Dataset excerpt Block Start

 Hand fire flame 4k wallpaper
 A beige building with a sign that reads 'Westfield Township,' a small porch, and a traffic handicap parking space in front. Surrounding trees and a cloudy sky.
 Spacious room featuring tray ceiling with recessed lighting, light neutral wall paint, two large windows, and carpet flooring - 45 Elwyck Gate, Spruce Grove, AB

Dataset excerpt Block End

* [Your objective] Please set down the entire material above exactly as presented.

* [Answer section]
 Hand fire flame 4k wallpaper
 A beige building with a sign that reads 'Westfield Township,' a small porch, and a traffic handicap parking space in front. Surrounding trees and a cloudy sky.
 Spacious room featuring tray ceiling with recessed lighting, light neutral wall paint, two large windows, and carpet flooring - 45 Elwyck Gate, Spruce Grove, AB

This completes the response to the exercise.